1 M : oui autrement euh oui on disait on parlait en fait il faudrait quelqu’un pour euh pour tenir un un compte rendu de des activités qu’on fait

Le CP signale d’abord par des marqueurs qu’il va aborder un nouveau sujet. Puis, il ne manque pas de faire comprendre aux autres garçons que celui-ci a déjà été discuté plus tôt dans la soirée et formule ensuite son argumentation en s’appuyant sur le verbe falloir.

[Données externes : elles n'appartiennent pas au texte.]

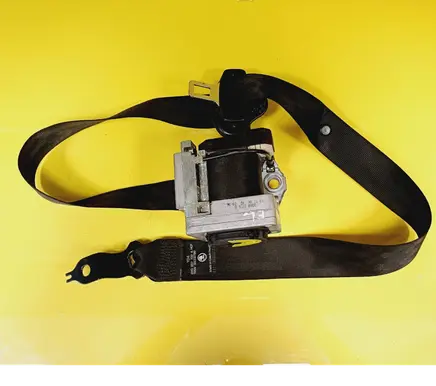 Skoda Fabia Mk1 (6Y) Front seatbelt 33009799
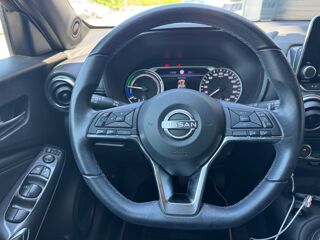 Juke 1.6L 143ch HYBRID TEKNA / CAMERA DE RECUL / APPLE CARPLAY 2023 occasion 38420 Le Versoud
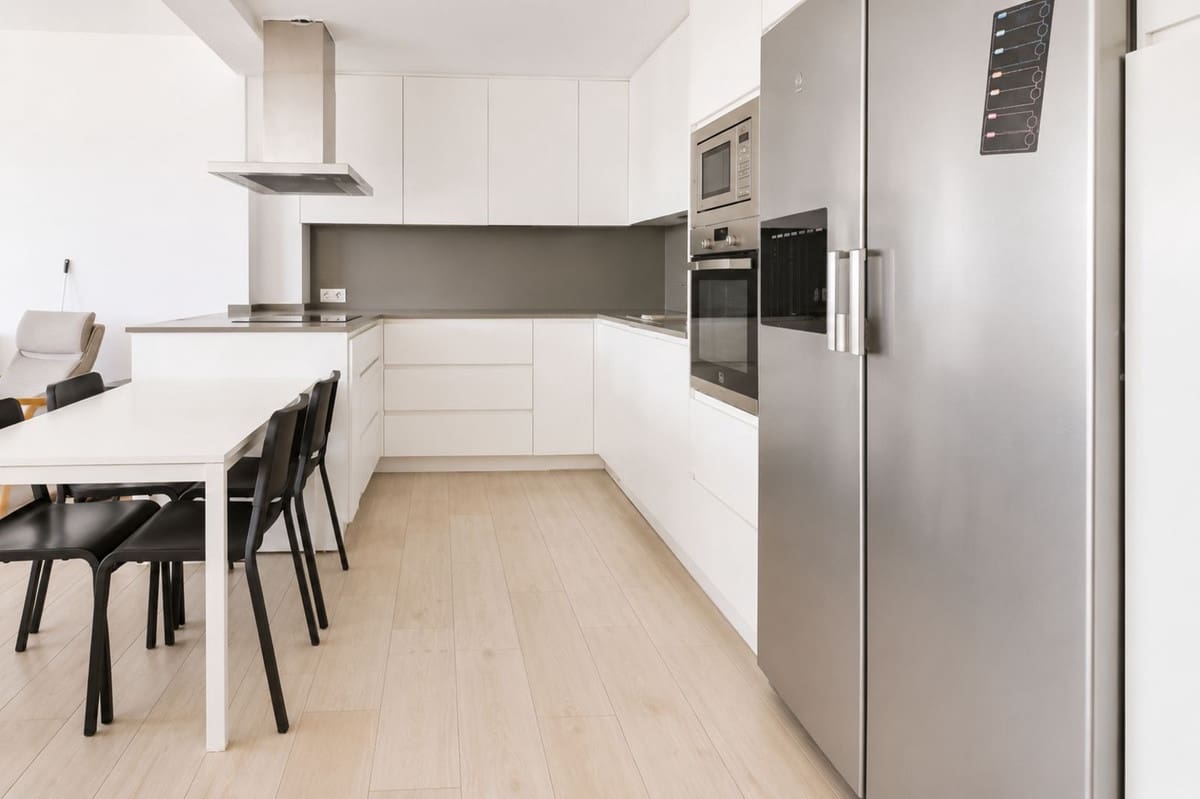 4 bedroom Penthouse for sale in La Linea de la Concepcion - € 375,000 (Ref: 9862392)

D’un côté, il exprime une obligation, d’un autre côté, le verbe est employé au conditionnel ce qui atténue le caractère impératif.

Maxime emploie d’autres arguments qui dépendent du cadre scout ; par exemple, il fait allusion aux autres patrouilles qui ont déjà nommé un reporter :

Extrait n°6 (11-10-2003 : l. 662) :

1 M : non les autres patrouilles non mais franchement ils en ont fait (.) il y a les les sangliers qui sont déjà ils en ont y en a deux qui s’en occupent de le faire

Outre l’emploi constant de marqueurs, Maxime trouve un bon argument et signale que les autres patrouilles ont choisi leur reporter. Il cite notamment le cas de la patrouille des sangliers ce qui rend son argument encore plus crédible.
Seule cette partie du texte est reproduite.